◆ Exercise brief
Your reply should be the following data, copied exactly.

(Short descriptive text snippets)
____________

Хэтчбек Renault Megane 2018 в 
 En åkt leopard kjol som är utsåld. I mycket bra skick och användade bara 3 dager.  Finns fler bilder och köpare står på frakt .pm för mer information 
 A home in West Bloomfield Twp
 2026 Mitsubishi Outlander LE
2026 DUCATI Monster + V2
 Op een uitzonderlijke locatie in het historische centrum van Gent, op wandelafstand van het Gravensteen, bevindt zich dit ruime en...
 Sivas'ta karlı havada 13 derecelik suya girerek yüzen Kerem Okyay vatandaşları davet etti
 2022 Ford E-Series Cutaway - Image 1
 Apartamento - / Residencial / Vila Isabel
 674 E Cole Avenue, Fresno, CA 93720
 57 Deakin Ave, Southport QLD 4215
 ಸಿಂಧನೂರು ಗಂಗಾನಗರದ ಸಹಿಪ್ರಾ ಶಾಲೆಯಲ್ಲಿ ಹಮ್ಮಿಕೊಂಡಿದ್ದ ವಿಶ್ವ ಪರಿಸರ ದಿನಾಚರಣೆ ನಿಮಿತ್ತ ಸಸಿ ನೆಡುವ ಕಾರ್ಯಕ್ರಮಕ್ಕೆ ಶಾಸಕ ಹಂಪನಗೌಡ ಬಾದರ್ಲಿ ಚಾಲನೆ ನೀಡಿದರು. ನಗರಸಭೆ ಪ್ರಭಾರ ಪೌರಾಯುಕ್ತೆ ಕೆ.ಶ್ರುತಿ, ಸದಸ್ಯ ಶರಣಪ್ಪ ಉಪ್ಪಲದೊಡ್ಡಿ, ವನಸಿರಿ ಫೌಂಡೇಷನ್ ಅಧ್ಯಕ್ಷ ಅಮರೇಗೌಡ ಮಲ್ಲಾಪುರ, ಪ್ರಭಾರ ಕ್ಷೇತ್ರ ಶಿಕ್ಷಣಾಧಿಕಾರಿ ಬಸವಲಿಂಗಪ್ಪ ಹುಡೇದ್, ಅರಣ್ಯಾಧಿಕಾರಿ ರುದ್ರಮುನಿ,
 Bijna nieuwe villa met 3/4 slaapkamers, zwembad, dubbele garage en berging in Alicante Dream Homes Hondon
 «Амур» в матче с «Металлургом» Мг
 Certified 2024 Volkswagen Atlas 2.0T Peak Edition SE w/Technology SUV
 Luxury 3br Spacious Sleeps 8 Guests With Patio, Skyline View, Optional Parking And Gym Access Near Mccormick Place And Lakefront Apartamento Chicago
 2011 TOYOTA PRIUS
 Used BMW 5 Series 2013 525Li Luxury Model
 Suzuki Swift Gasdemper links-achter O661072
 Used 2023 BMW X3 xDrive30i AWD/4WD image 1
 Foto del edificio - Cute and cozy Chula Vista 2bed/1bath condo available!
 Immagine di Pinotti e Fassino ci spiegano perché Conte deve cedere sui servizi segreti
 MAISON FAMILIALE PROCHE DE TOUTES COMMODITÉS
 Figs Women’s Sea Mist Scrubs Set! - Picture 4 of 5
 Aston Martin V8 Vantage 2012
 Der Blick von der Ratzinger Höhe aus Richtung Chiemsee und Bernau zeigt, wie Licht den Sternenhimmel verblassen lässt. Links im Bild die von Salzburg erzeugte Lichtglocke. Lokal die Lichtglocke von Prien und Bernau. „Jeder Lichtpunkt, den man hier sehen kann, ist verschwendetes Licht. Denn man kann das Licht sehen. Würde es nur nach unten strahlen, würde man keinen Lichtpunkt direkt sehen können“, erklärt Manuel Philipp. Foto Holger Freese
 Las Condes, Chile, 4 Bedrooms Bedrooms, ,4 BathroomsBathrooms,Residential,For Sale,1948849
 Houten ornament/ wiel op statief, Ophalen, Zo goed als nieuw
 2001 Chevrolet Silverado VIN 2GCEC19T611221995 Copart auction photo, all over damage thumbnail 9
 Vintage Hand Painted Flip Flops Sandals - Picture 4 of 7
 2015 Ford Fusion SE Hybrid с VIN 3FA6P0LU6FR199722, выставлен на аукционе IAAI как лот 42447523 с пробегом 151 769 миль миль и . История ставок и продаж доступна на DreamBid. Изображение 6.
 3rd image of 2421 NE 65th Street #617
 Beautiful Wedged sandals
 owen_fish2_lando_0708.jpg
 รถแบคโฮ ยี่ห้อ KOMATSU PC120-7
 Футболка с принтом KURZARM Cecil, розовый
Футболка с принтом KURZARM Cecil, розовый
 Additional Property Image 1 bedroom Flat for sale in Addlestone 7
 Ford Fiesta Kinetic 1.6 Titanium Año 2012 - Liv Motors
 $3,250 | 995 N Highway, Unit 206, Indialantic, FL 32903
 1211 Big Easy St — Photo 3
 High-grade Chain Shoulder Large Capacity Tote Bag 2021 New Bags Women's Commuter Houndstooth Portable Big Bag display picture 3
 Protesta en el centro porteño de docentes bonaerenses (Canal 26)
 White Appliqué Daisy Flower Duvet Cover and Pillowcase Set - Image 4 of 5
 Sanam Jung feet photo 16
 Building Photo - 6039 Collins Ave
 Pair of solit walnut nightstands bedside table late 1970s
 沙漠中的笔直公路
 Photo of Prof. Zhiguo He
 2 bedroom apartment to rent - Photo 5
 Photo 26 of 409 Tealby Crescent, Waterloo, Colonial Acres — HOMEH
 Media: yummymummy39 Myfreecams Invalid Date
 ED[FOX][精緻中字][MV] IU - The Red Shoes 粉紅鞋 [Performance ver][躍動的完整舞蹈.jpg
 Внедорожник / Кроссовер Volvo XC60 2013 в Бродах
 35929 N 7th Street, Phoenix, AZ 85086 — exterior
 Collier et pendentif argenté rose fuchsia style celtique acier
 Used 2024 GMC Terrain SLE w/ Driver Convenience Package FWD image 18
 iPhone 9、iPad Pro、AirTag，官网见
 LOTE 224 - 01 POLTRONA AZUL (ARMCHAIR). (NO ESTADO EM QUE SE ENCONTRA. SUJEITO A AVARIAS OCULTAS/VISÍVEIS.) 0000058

____________

◆ Task response
Хэтчбек Renault Megane 2018 в 
 En åkt leopard kjol som är utsåld. I mycket bra skick och användade bara 3 dager.  Finns fler bilder och köpare står på frakt .pm för mer information 
 A home in West Bloomfield Twp
 2026 Mitsubishi Outlander LE
2026 DUCATI Monster + V2
 Op een uitzonderlijke locatie in het historische centrum van Gent, op wandelafstand van het Gravensteen, bevindt zich dit ruime en...
 Sivas'ta karlı havada 13 derecelik suya girerek yüzen Kerem Okyay vatandaşları davet etti
 2022 Ford E-Series Cutaway - Image 1
 Apartamento - / Residencial / Vila Isabel
 674 E Cole Avenue, Fresno, CA 93720
 57 Deakin Ave, Southport QLD 4215
 ಸಿಂಧನೂರು ಗಂಗಾನಗರದ ಸಹಿಪ್ರಾ ಶಾಲೆಯಲ್ಲಿ ಹಮ್ಮಿಕೊಂಡಿದ್ದ ವಿಶ್ವ ಪರಿಸರ ದಿನಾಚರಣೆ ನಿಮಿತ್ತ ಸಸಿ ನೆಡುವ ಕಾರ್ಯಕ್ರಮಕ್ಕೆ ಶಾಸಕ ಹಂಪನಗೌಡ ಬಾದರ್ಲಿ ಚಾಲನೆ ನೀಡಿದರು. ನಗರಸಭೆ ಪ್ರಭಾರ ಪೌರಾಯುಕ್ತೆ ಕೆ.ಶ್ರುತಿ, ಸದಸ್ಯ ಶರಣಪ್ಪ ಉಪ್ಪಲದೊಡ್ಡಿ, ವನಸಿರಿ ಫೌಂಡೇಷನ್ ಅಧ್ಯಕ್ಷ ಅಮರೇಗೌಡ ಮಲ್ಲಾಪುರ, ಪ್ರಭಾರ ಕ್ಷೇತ್ರ ಶಿಕ್ಷಣಾಧಿಕಾರಿ ಬಸವಲಿಂಗಪ್ಪ ಹುಡೇದ್, ಅರಣ್ಯಾಧಿಕಾರಿ ರುದ್ರಮುನಿ,
 Bijna nieuwe villa met 3/4 slaapkamers, zwembad, dubbele garage en berging in Alicante Dream Homes Hondon
 «Амур» в матче с «Металлургом» Мг
 Certified 2024 Volkswagen Atlas 2.0T Peak Edition SE w/Technology SUV
 Luxury 3br Spacious Sleeps 8 Guests With Patio, Skyline View, Optional Parking And Gym Access Near Mccormick Place And Lakefront Apartamento Chicago
 2011 TOYOTA PRIUS
 Used BMW 5 Series 2013 525Li Luxury Model
 Suzuki Swift Gasdemper links-achter O661072
 Used 2023 BMW X3 xDrive30i AWD/4WD image 1
 Foto del edificio - Cute and cozy Chula Vista 2bed/1bath condo available!
 Immagine di Pinotti e Fassino ci spiegano perché Conte deve cedere sui servizi segreti
 MAISON FAMILIALE PROCHE DE TOUTES COMMODITÉS
 Figs Women’s Sea Mist Scrubs Set! - Picture 4 of 5
 Aston Martin V8 Vantage 2012
 Der Blick von der Ratzinger Höhe aus Richtung Chiemsee und Bernau zeigt, wie Licht den Sternenhimmel verblassen lässt. Links im Bild die von Salzburg erzeugte Lichtglocke. Lokal die Lichtglocke von Prien und Bernau. „Jeder Lichtpunkt, den man hier sehen kann, ist verschwendetes Licht. Denn man kann das Licht sehen. Würde es nur nach unten strahlen, würde man keinen Lichtpunkt direkt sehen können“, erklärt Manuel Philipp. Foto Holger Freese
 Las Condes, Chile, 4 Bedrooms Bedrooms, ,4 BathroomsBathrooms,Residential,For Sale,1948849
 Houten ornament/ wiel op statief, Ophalen, Zo goed als nieuw
 2001 Chevrolet Silverado VIN 2GCEC19T611221995 Copart auction photo, all over damage thumbnail 9
 Vintage Hand Painted Flip Flops Sandals - Picture 4 of 7
 2015 Ford Fusion SE Hybrid с VIN 3FA6P0LU6FR199722, выставлен на аукционе IAAI как лот 42447523 с пробегом 151 769 миль миль и . История ставок и продаж доступна на DreamBid. Изображение 6.
 3rd image of 2421 NE 65th Street #617
 Beautiful Wedged sandals
 owen_fish2_lando_0708.jpg
 รถแบคโฮ ยี่ห้อ KOMATSU PC120-7
 Футболка с принтом KURZARM Cecil, розовый
Футболка с принтом KURZARM Cecil, розовый
 Additional Property Image 1 bedroom Flat for sale in Addlestone 7
 Ford Fiesta Kinetic 1.6 Titanium Año 2012 - Liv Motors
 $3,250 | 995 N Highway, Unit 206, Indialantic, FL 32903
 1211 Big Easy St — Photo 3
 High-grade Chain Shoulder Large Capacity Tote Bag 2021 New Bags Women's Commuter Houndstooth Portable Big Bag display picture 3
 Protesta en el centro porteño de docentes bonaerenses (Canal 26)
 White Appliqué Daisy Flower Duvet Cover and Pillowcase Set - Image 4 of 5
 Sanam Jung feet photo 16
 Building Photo - 6039 Collins Ave
 Pair of solit walnut nightstands bedside table late 1970s
 沙漠中的笔直公路
 Photo of Prof. Zhiguo He
 2 bedroom apartment to rent - Photo 5
 Photo 26 of 409 Tealby Crescent, Waterloo, Colonial Acres — HOMEH
 Media: yummymummy39 Myfreecams Invalid Date
 ED[FOX][精緻中字][MV] IU - The Red Shoes 粉紅鞋 [Performance ver][躍動的完整舞蹈.jpg
 Внедорожник / Кроссовер Volvo XC60 2013 в Бродах
 35929 N 7th Street, Phoenix, AZ 85086 — exterior
 Collier et pendentif argenté rose fuchsia style celtique acier
 Used 2024 GMC Terrain SLE w/ Driver Convenience Package FWD image 18
 iPhone 9、iPad Pro、AirTag，官网见
 LOTE 224 - 01 POLTRONA AZUL (ARMCHAIR). (NO ESTADO EM QUE SE ENCONTRA. SUJEITO A AVARIAS OCULTAS/VISÍVEIS.) 0000058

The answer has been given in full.